Recorded data:
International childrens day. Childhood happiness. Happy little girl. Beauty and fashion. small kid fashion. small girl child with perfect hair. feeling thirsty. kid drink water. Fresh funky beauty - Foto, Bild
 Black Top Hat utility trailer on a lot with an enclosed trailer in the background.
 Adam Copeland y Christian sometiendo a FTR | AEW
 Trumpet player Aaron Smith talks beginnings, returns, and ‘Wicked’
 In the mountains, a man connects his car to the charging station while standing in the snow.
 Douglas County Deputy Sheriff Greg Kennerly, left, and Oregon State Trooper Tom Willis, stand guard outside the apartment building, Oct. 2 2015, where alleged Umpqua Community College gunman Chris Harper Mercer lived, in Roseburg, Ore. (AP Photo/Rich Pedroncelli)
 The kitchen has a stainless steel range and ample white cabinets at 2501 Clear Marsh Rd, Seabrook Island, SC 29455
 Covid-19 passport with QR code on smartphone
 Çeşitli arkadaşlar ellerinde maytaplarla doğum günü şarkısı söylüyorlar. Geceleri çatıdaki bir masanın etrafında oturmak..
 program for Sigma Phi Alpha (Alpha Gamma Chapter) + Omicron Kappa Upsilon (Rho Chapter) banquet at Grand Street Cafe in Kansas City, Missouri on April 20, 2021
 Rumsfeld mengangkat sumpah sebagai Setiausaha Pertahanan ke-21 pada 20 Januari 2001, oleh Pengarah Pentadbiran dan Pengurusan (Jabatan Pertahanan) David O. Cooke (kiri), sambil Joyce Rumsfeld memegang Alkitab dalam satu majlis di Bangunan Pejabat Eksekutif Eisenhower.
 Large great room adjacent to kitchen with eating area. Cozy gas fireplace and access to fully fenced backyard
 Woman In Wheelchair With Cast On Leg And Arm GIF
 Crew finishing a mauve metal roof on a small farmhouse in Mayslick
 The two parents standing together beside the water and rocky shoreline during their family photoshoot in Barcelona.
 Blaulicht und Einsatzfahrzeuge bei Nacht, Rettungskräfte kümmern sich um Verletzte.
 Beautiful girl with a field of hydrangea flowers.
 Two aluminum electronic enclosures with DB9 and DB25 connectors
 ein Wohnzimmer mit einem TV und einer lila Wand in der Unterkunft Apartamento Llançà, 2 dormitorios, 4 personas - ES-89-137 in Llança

INSTRUCTIONS TO FOLLOW –
Given the records above, reproduce precisely and only the lines between the line holding "Woman In Wheelchair" and the line holding "The two parents", inclusive.

RESPONSE –
 Woman In Wheelchair With Cast On Leg And Arm GIF
 Crew finishing a mauve metal roof on a small farmhouse in Mayslick
 The two parents standing together beside the water and rocky shoreline during their family photoshoot in Barcelona.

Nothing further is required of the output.